Libri, film, articoli di giornale e inchieste: sono tanti gli ingredienti che hanno trasformato Salvatore Giuliano nel bandito siciliano più noto nel mondo. A tracciare la vicenda nei minimi dettagli è la penna di Mario Puzo, l’autore de “Il Padrino”, che nel romanzo “Il Siciliano” ripercorre le tappe della vita di quello che viene definito nelle pagine dello stesso libro “il paladino della Sicilia, il suo scudo contro ricchi e nobili, mafiosi e governo di Roma”.
Giuliano si dà alla macchia nel 1943 quando, fermato ad un posto di blocco gli vengono sequestrati cavallo e 80 chilogrammi di frumento, il giovane, appena 21enne, cerca di fuggire ai militari che gli sparano sei colpi di moschetto. Caduto a terra Salvatore Giuliano reagisce e uccide il carabiniere. Da quel giorno si rifugia sui monti di Montelepre e insieme al cugino Gaspare “Aspanu” Pisciotta formerà una delle bande più potenti del periodo.
Per l’Italia si tratta di anni delicati e decisivi perché è in questo periodo che si costruiranno le fondamenta del Paese che verrà. Giuliano, che è un bandito e non un mafioso, e la sua banda negli anni conquistano i siciliani.
Il 20 aprile del 1947 si svolgono le elezioni per costituire la nuova Assemblea Regionale Siciliana: il Blocco del Popolo, la coalizione PSI – PCI conquista 29 rappresentanti su 90. Lo spostamento a sinistra in Sicilia rappresenta un pericolo troppo grosso che secondo alcune ricostruzioni proprio Giuliano e la sua banda avrebbero dovuto sventare.
L’occasione per farlo è il 1 maggio del 1947 quando duemila lavoratori si riuniscono a Portella della Ginestra per manifestare contro il latifondismo ed a favore dell’occupazione delle terre incolte, oltre che per festeggiare la vittoria del Blocco del Popolo. Qualcuno però sparerà sulla folla causando 11 morti e 27 feriti.
Nella ricostruzione fatta da Mario Puzo ne “Il Siciliano” la teoria è quella del complotto: Salvatore Giuliano, incaricato dalla Mafia di inaugurare la “Stagione della Tensione” contro i siciliani comunisti, sparò con la sua banda, ma non sulla gente.
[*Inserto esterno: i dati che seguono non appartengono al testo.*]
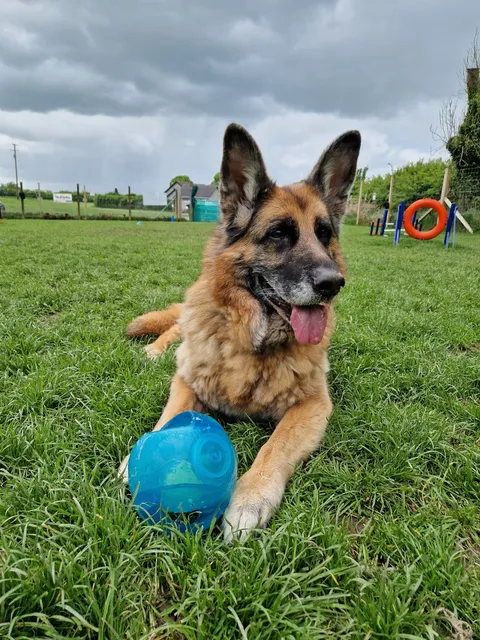 Beechgrove Doggy Fun Park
I colpi che uccisero arrivarono da altri punti. Una teoria che negli anni si consolida e viene riproposta nel 2002 anche in un’inchiesta dedicata di Carlo Lucarelli in “Blu Notte”.
Giuliano verrà ucciso il 5 luglio del 1950, ma sulla ricostruzione della sua esecuzione le versioni sono tante e discordanti. Quella ufficiale lo vorrebbe vittima di un’imprudenza e caduto durante uno scontro a fuoco con i carabinieri. La versione ufficiale verrà ritrattata anche dalle stesse forze dell’ordine. Secondo molti il bandito sarebbe stato tradito dal cugino Gaspare Pisciotta che in seguito fu avvelenato dentro il carcere dell’Ucciardone. Il cadavere di Giuliano è stato riesumato il 28 ottobre del 2010 e i documenti da lui prodotti durante la latitanza sono svaniti nel nulla, proprio come i quattordici quaderni scritti dal Pisciotta durante la prigionia.
Testi che, secondo alcuni, avrebbero messo in luce il rapporto che all’epoca vi fu tra Mafia, Stato e Banditi.
Nel 2016, quando cadrà il segreto di Stato, forse sapremo se la morte e la vita di Giuliano furono una delle tante storie in cui si può leggere neanche troppo tra le righe del rapporto tra lo Stato e la Mafia.